Creative organisations or structures actively experiment. There will be a culture of trying things out. Sometimes experiments will be carried out just for fun, just because it is good to break out of a pattern. Calcifying structures will be distrusted, even if just to reinvest our trust in them once they have been tested. There will be an implicit understanding that as time passes, so a changing context changes everything else, and that we should ask again what we are doing and why. We should seek to connect with different ways of doing things: different kinds of people; different disciplines; different approaches. Hybridity leads to new models and new discoveries.

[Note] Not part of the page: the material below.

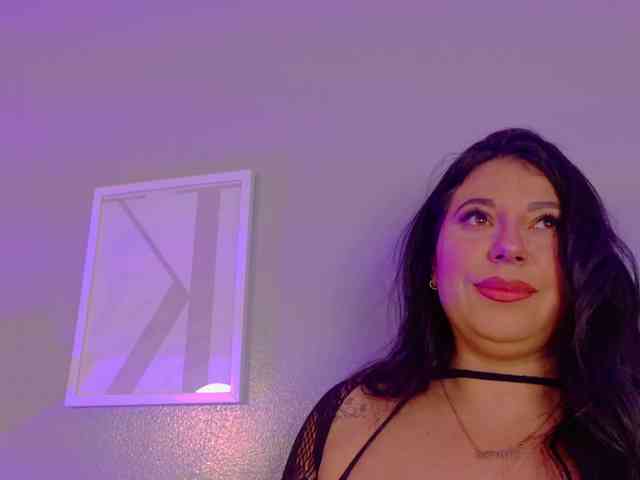 Kendalmiller webcam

Each of these principles requires us to be more vulnerable. Arguably each principle increases the amount of risk that we face because we open ourselves to more unknown factors. Therefore we will need to find ways to manage risks but the rewards could be much greater. Perhaps if we deployed as much vulnerability and creative thinking to the way we develop structures and frameworks for making theatre, as we do to the process of creating the work itself, we would have a more sustainable and flourishing creative culture.

Applying these principles beyond the arts

If we accept that vulnerability has value then I think it is worth considering how it can be deployed more widely.

  • In English schools, government policy and a target driven exam culture has encouraged stigmatism around making mistakes. And yet mistakes are the way that we learn and find out new possibilities. How can experimentation and learning from mistakes become part of a school’s learning culture?
  • In the building industry, laws around planning, design and procurement have done their best to iron out risk from the process, yet thousands of legal disputes occur every year demonstrating the fallacy of the strategy. Human centred building developments are stifled. Lina Bo Bardi, architect and collaborator for Teatro Oficina, would have struggled to have her buildings built in England due to these frameworks.
  • Party political posturing and equating vulnerability with weakness has led to little room for risk in the realm of public policy and yet how are we to find the solutions to huge global problems such as climate change or mass migration without experimentation and testing of new ideas?

With good intentions, we are serial risk managers. Yet we often iron out the very human creativity that will enable our growth and development. For all the hand-wringing about climate change we are failing to address CO2 levels in the atmosphere. Is it surprising that we cannot tackle this global catastrophe when our day to day organisational frameworks and structures fail to connect us to ourselves and to each other? Unless we are vulnerable together, it is hard to imagine that we will come up with a creative and collective answer.